An Emotional Intelligence Quick Guide provides optional support while preserving learner autonomy and challenge.
To balance challenge with support, I intentionally incorporated learner scaffolding throughout the experience. Because emotionally intelligent communication can feel nuanced and difficult to navigate, I included an optional help button that learners can access at any point during the simulation. Rather than providing answers, the help guide offers practical communication strategies, including what to do, what to avoid, and helpful reminders for building trust and supporting Mira effectively.
At the same time, learner autonomy was an important consideration. The help guide is entirely optional, allowing learners to decide how much support they want or need during each attempt. This creates opportunities for both independent exploration and guided practice.
I also introduced intentional constraints to create a more realistic practice environment. Learners are limited to 10 responses, reflecting the reality that difficult workplace conversations often require thoughtful communication within a limited amount of time. This constraint encourages learners to be intentional with their responses while keeping the experience focused and manageable.
Support for the learner was also built directly into Mira's character design and AI prompting. Mira was intentionally designed as a high-performing employee who struggles with vulnerability, asking for help, and feeling like a burden to others. While emotionally guarded, she was also designed to provide subtle cues and hints about what she may be feeling or needing throughout the conversation. These cues create natural opportunities for learners to demonstrate empathy, ask thoughtful follow-up questions, and practice recognizing emotional signals that might otherwise go unspoken in real workplace conversations.
Together, these scaffolds and constraints helped create an experience that is challenging enough to promote skill development while providing learners with the support needed to remain engaged and successful.
Results and Takeaways
The AI-powered simulation successfully demonstrated how conversational AI can be integrated into traditional eLearning tools to create more dynamic and authentic practice experiences. Feedback from instructional designers, eLearning developers, and other professionals highlighted the project's ability to make a challenging interpersonal skill feel engaging, realistic, and highly repeatable.

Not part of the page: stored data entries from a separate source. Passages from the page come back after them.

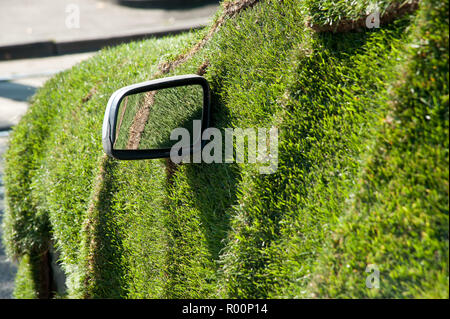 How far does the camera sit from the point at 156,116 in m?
2.78

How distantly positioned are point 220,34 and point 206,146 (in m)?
0.57

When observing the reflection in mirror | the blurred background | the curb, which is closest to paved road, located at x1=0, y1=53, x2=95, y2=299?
the blurred background

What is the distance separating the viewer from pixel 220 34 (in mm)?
2723

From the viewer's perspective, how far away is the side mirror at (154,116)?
252cm

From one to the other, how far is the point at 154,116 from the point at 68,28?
1325 cm

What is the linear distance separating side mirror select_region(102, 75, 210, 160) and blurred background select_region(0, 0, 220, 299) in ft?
30.1

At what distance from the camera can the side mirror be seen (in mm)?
2523

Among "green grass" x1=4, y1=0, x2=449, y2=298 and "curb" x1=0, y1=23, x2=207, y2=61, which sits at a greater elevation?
"curb" x1=0, y1=23, x2=207, y2=61

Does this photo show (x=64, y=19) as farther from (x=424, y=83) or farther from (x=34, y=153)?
(x=424, y=83)

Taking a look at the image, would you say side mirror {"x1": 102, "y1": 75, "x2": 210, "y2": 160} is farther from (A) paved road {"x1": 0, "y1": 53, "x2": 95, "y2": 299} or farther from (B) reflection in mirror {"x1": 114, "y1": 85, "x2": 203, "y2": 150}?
(A) paved road {"x1": 0, "y1": 53, "x2": 95, "y2": 299}

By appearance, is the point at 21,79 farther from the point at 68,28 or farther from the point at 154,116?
the point at 154,116

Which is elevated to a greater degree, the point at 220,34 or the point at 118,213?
the point at 220,34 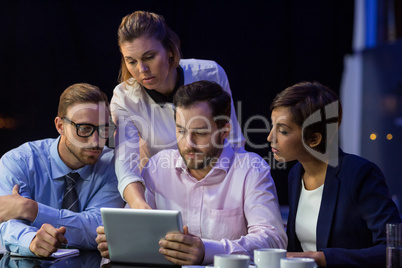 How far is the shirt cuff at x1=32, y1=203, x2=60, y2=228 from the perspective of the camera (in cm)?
223

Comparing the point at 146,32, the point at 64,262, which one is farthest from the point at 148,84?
the point at 64,262

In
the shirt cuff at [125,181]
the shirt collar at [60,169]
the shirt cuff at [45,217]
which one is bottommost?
the shirt cuff at [45,217]

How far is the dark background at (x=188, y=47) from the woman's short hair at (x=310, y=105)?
241 centimetres

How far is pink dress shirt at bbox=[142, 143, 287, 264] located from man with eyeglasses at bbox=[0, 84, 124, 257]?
0.85ft

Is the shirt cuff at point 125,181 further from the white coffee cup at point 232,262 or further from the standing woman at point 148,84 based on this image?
the white coffee cup at point 232,262

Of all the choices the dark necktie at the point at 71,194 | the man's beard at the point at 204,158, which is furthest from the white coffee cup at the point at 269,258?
the dark necktie at the point at 71,194

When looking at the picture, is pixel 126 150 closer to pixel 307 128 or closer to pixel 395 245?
pixel 307 128

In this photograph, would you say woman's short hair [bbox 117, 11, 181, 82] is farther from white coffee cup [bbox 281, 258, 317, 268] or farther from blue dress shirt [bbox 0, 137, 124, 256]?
white coffee cup [bbox 281, 258, 317, 268]

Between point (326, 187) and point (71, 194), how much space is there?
1.16 metres

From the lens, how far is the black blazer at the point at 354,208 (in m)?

User testing and iteration played an important role throughout development. Early feedback helped identify opportunities to improve the learner experience, leading to the addition of features such as an optional emotional intelligence help guide, a conversation progress indicator, and continued refinements to Mira's AI behavior. These iterations helped create a better balance between realism, challenge, and learner success.
The final project received positive feedback from both learners and instructional design professionals and was later featured by instructional design leader Devlin Peck as an example of AI-enhanced learning design. Instructional designer, Kelly Helmintoller, had this to say about the experience:
🌟Insight/🧠What I Learned
AI requires instructional design, not just implementation: Effective AI learning experiences depend on thoughtful prompting, testing, and alignment with learning objectives.
Realism must be balanced with learner success: Authentic scenarios should challenge learners while still providing enough support and feedback to encourage growth.
Visual feedback strengthens interpersonal skill practice: Combining AI conversation with emotional state changes helped reinforce the impact of learner decisions.
User testing remains essential: Learner feedback was invaluable in refining both the AI behavior and the overall experience.